PARK CITY - In theory, casting a top-tier actor in your independent film is a godsend. They should elevate the material and help mask any flaws that a small budget or a shortened shooting schedule might cause.  Unfortunately, that isn't always the case. Often, said actor may seem out of place among the film's other talent or another aspect of the film is so weak — say, screenwriting or production design — that the film still fails overall. The latter, among other problems, is the issue with Ben Whishaw's casting in Hong Khaou's directorial debut "Lilting," which was one of four films to open the 2014 Sundance Film Festival Thursday night.

Set in modern day London, the drama focuses on Junn (Pei-pei Cheng), a 60-something Chinese immigrant who now, disgruntled, finds herself housed in a senior living facility. Her son Kai (Andrew Leung) has recently passed away under mysterious circumstances, leaving her without any living relatives in England. Kai's longtime companion, Richard (Whishaw), feels it's his duty to help Junn in any way he can. Even though she seemingly doesn't want it.

Because Junn has refused to assimilate into a country she's lived in for decades she still does not speak English. Richard decides to hire a part-time translator, Vann (Naomi Christie), to try and forge a connection with his de facto mother-in-law. It also benefits Junn by allowing her to communicate with her new facility boyfriend Alan (Peter Bowles). who is pretty much the movie's comic relief.

The dramatic tension Khaou is attempting to create is two-fold. First, Junn dislikes Richard immensely because she blames him for keeping Kai from spending time with her. Will she forgive him? Second, Junn seemingly has no idea that Richard and Kai were lovers (or purposely doesn't want to admit it). Early on we learn Kai felt tremendously guilty over being gay and even in his early 30s could not communicate this to her. Unfortunately, Khaou's screenplay is too monotonous and repetitive to make these conflicts compelling. Where Khaou succeeds is when he leaves the traditional narrative structure of his script and experiments with different cinematic techniques to draw the viewer in. These are the film's true emotional moments and you can just feel the picture wanting to take a more intriguing turn before it slams back to earth with a thud when the "traditional story" comes in. Significant credit for these sequences has to go to relatively unknown composer Stuart Earl, whose pretty score wants to take the film to a different level.

But, back to Whishaw. As noted above, he often seems out of place among the rest of the cast and it's not his notoriety that's the problem. Whishaw's charismatic talent seems to blow all the other actors in the picture off the screen. That's clearly not Whishaw's intent. He's actually doing everything he can to create a three-dimensional character and is often near tears trying to hold back how devastated Richard is over Kai's death. His flashback scenes with Leung are watchable until you realize Khaou doesn't have strong enough material to truly make them intriguing.
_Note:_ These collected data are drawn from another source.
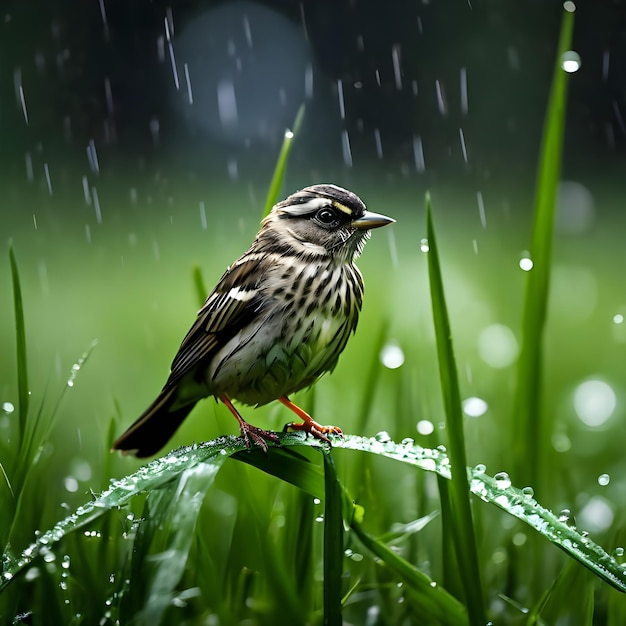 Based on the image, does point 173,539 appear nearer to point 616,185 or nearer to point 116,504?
point 116,504

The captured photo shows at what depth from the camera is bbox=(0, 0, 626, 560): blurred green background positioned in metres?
3.64

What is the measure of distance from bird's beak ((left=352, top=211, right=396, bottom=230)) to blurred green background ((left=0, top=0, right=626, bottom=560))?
0.55 m

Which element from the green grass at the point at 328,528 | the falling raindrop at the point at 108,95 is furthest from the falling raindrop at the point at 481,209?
the green grass at the point at 328,528

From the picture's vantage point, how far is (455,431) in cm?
159

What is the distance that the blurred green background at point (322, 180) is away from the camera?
364cm

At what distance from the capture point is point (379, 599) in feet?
7.00

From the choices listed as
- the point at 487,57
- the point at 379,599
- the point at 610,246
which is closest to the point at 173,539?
the point at 379,599

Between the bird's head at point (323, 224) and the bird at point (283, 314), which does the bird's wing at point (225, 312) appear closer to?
the bird at point (283, 314)

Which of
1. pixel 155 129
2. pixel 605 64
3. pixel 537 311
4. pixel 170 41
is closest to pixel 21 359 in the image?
pixel 537 311

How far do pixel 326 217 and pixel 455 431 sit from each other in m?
0.95

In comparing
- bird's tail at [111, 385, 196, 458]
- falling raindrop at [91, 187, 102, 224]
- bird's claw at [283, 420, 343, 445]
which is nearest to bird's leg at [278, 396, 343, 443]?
bird's claw at [283, 420, 343, 445]

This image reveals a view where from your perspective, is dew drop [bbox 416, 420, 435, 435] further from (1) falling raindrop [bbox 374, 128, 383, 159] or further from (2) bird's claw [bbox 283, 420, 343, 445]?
(1) falling raindrop [bbox 374, 128, 383, 159]

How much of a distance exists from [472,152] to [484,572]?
638cm

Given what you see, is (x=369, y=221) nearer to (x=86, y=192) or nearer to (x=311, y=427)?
(x=311, y=427) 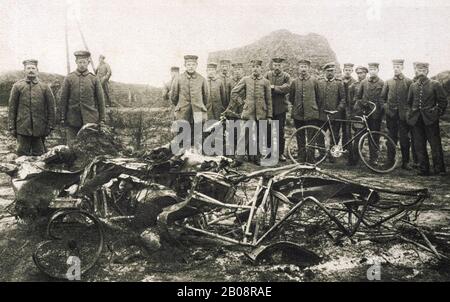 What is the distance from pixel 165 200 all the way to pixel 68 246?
1019 millimetres

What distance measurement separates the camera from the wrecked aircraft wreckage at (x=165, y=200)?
14.3 feet

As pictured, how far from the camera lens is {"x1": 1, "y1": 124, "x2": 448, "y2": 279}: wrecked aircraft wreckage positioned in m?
4.37

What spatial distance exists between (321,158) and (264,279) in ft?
15.7

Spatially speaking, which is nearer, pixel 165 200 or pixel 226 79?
pixel 165 200

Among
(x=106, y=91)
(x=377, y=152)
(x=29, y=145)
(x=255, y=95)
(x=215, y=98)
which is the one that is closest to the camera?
(x=29, y=145)

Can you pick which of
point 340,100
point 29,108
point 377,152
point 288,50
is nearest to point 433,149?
point 377,152

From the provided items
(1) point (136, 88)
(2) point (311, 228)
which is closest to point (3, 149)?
(1) point (136, 88)

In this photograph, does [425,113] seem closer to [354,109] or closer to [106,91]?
[354,109]

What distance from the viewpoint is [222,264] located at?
4.39 m

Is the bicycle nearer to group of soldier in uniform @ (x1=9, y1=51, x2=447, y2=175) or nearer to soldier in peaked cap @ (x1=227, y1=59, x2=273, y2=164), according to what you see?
group of soldier in uniform @ (x1=9, y1=51, x2=447, y2=175)

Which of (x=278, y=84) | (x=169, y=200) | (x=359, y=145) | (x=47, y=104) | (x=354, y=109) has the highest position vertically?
(x=278, y=84)

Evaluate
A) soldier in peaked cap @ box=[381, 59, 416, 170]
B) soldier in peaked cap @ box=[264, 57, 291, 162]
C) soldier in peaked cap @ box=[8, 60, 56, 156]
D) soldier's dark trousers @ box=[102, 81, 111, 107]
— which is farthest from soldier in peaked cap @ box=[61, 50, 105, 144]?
soldier in peaked cap @ box=[381, 59, 416, 170]

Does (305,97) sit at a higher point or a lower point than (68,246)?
higher

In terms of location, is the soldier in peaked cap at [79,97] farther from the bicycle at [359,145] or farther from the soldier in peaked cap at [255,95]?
the bicycle at [359,145] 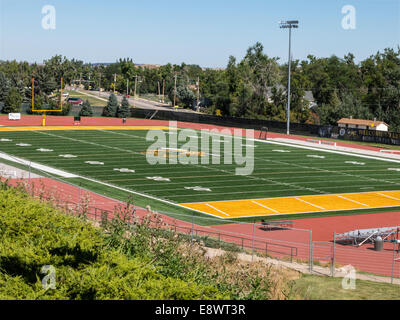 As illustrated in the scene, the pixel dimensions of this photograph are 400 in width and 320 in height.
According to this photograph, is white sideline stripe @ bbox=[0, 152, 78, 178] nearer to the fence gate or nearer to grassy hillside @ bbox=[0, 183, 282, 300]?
the fence gate

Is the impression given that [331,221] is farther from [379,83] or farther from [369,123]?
[379,83]

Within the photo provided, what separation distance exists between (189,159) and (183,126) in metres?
30.1

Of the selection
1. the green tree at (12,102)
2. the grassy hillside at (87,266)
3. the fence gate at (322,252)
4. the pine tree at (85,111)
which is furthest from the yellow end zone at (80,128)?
the grassy hillside at (87,266)

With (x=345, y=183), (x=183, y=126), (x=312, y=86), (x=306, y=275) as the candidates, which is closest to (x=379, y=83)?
(x=312, y=86)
Cheng, an iconic Hong Kong action star, has some fine moments, but you wish she'd been given a tad more to work with. Junn's loneliness is touched on here and there and her love of her son is clearly what haunts her the most. Well, Cheng can make that work with her eyes closed. The problem is the audience never really understands whether she knew the truth about her son or just wanted to pretend he was still looking for the perfect girl. Khaou has every right to make this ambiguous. How he goes about it just does a disservice to Cheng's talents.

Criticisms aside, Khaou's point of view does shine a light on contrasting cultural communities in the U.K. and those differences will speak to many North American and Asian viewers as well. The 33-year-old director obviously has a voice and admirably wants to bring unsung stories to the screen. In the future, however, he may be better served by collaborating with another screenwriter on the actual story itself.

A World Dramatic Competition entry, it's unlikely "Lilting" will find major theatrical distribution in the United States. It should have much more of an impact in ancillary streams in the U.K.